*** Information provided ***

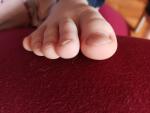 Утолщение ногтя на ноге фото 3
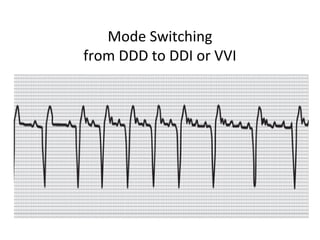 Mode Switching
from DDD to DDI or VVI
 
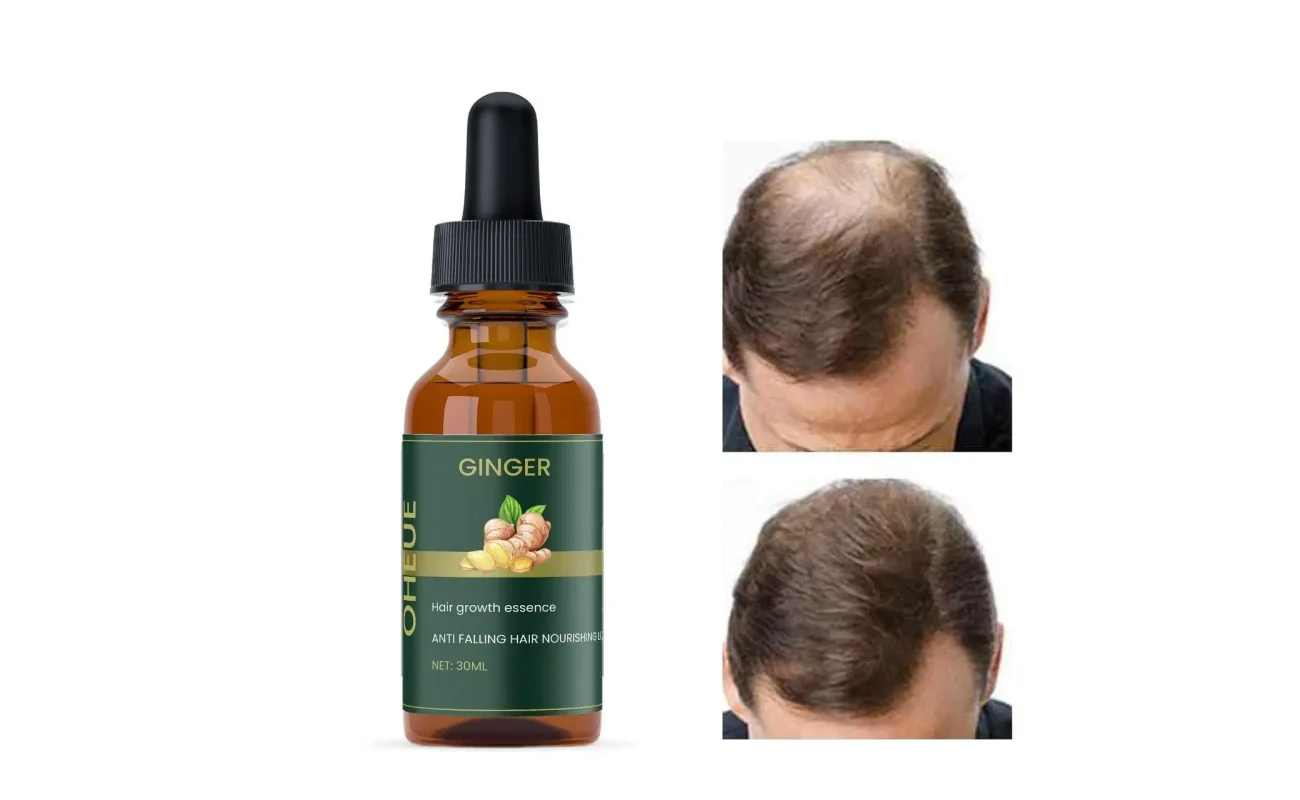 Ginger Hair Growth Essence 60ml Pack Of 2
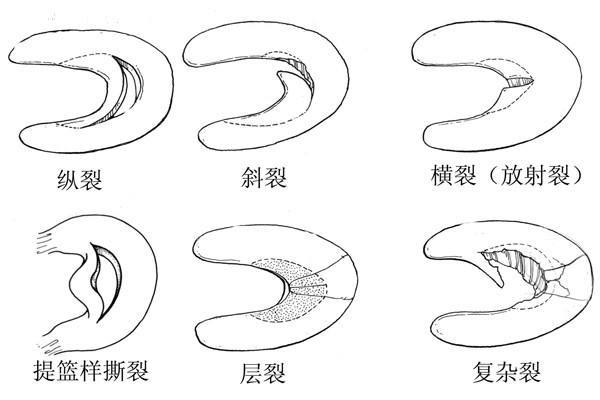 半月裂孔解剖图图片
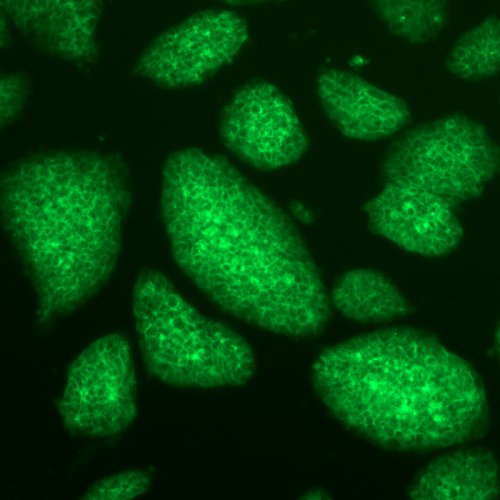 ATF iPS cells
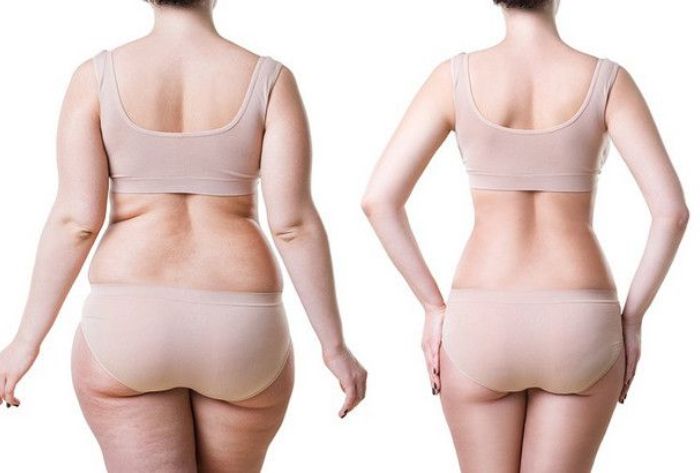 Hút mỡ lưng mặc áo định hình bao lâu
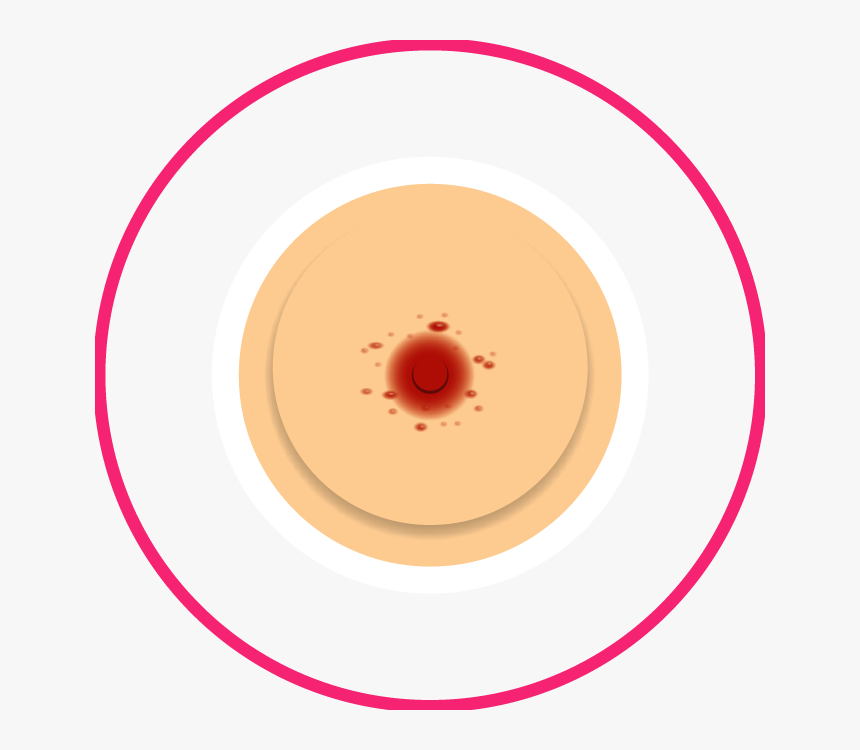 Nipple Rash - Circle, HD Png Download, Free Download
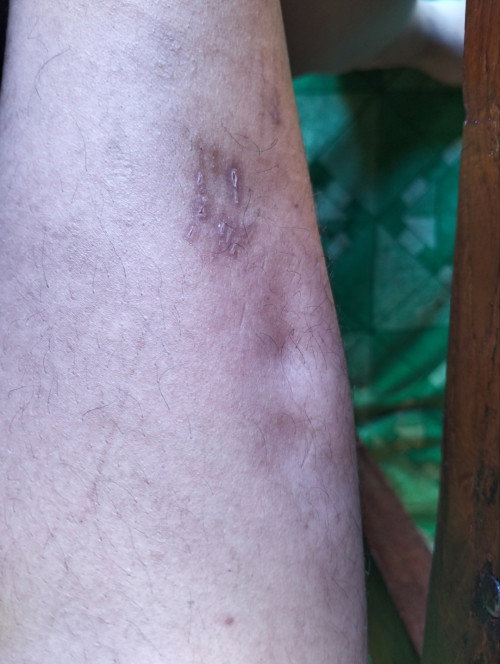 กดขาแล้วบุ๋ม ท้อง 36W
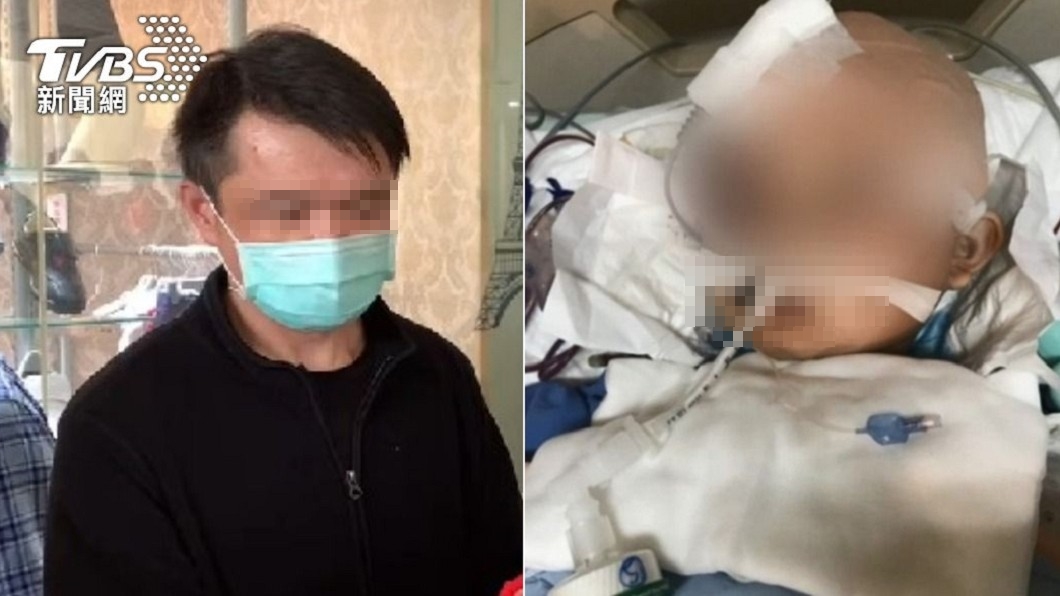 柔道童恐成植物人!爸求償千萬遭爆「假慈父撈錢」已離婚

***

:: Problem statement ::
Copy exactly the lines from the line that contains "Mode Switching" through the last line of the records above, both ends included, but leave out the pictures.

:: Response to the task ::
 Mode Switching
from DDD to DDI or VVI
 
 Ginger Hair Growth Essence 60ml Pack Of 2
 半月裂孔解剖图图片
 ATF iPS cells
 Hút mỡ lưng mặc áo định hình bao lâu
 Nipple Rash - Circle, HD Png Download, Free Download
 กดขาแล้วบุ๋ม ท้อง 36W
 柔道童恐成植物人!爸求償千萬遭爆「假慈父撈錢」已離婚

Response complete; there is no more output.